The db x-trackers DBLCI-Optimum Yield ETF performed relatively better than the other ETFs. The "optimum yield" index uses a formula-based optimisation strategy that seeks to maximise the positive roll yield - minimise the negative roll yield—as it buys and sells commodities. Rather than simply purchasing the near-month contract, or even a contract a fixed number of months out, it evaluates all available contracts and selects the most advantageous month. Deutsche Bank's calculations—admittedly, based on back-testing - show that the DBLCI-OY index methodology has also beaten the GSCI and DJ-AIG indices by a wide margin on a longer-term view as well.

Follow The Money?

Where have investor cash flows been heading within the commodity sector as a whole?  Despite all the interesting intricacies involved in deconstructing the commodities futures curves, most investor funds within the ETF/ETC space have gone straight into gold. Indeed, the three major European gold tracker funds—Gold Bullion Securities, ETFS Physical Gold, and ZKB Gold ETF—now have assets totalling over US$ 8 billion, dwarfing the money invested in other areas. This represents a major success for the relevant ETF/ETC providers—ETF Securities and ZKB—but is must also present them with a challenge, since they would undoubtedly like to diversify their businesses more.
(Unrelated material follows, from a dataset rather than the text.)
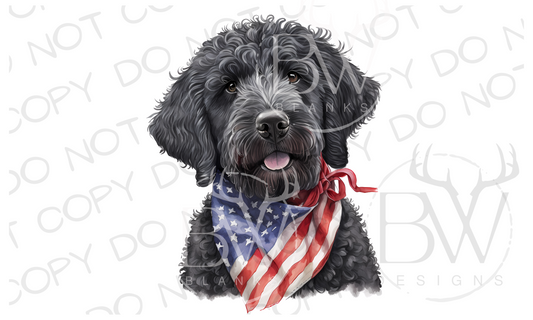 American Black Goldendoodle Dog Digital Download PNG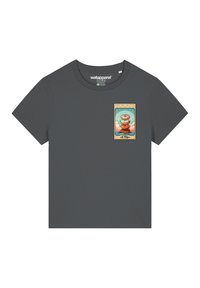 Grijze T-shirt met korte mouwen van zachte stof, met een kleurrijk gedrukt ontwerp van donuts in een vintage-stijl lijst op de borst.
Having said that, the prospects for gold and the other precious metals seem unlikely to dim this year, and indeed they may not for a few years to come. With the credit crunch showing no signs of abating, and government solvency increasingly in question, investor demand for non-fiat currencies seems well underpinned. 

Future Prospects

After the dramatic fall in commodities prices during the second half of 2008, this year has got off to a stronger start. A number of the diversified ETFs highlighted above have seen decent inflows, investors continue to buy the precious metals (with gold breaching the US$900/ounce barrier again) and, as we have reported in the news section of the site, there are signs of a jump in demand for energy and agricultural ETCs. ETF Securities' recent annual review points to historically low inventories of a number of industrial metals, and also to the fact that global stocks of corn, wheat and soybeans are at their lowest levels since 1974.

So even if the global recession is putting a brake on the demand side for commodities, supply constraints should help to underpin prices. And the bubble-like atmosphere of early 2008 has certainly disappeared, allowing investors to access the sector on more favourable terms. All in all, 2009 should be a better year for commodity ETFs/ETCs.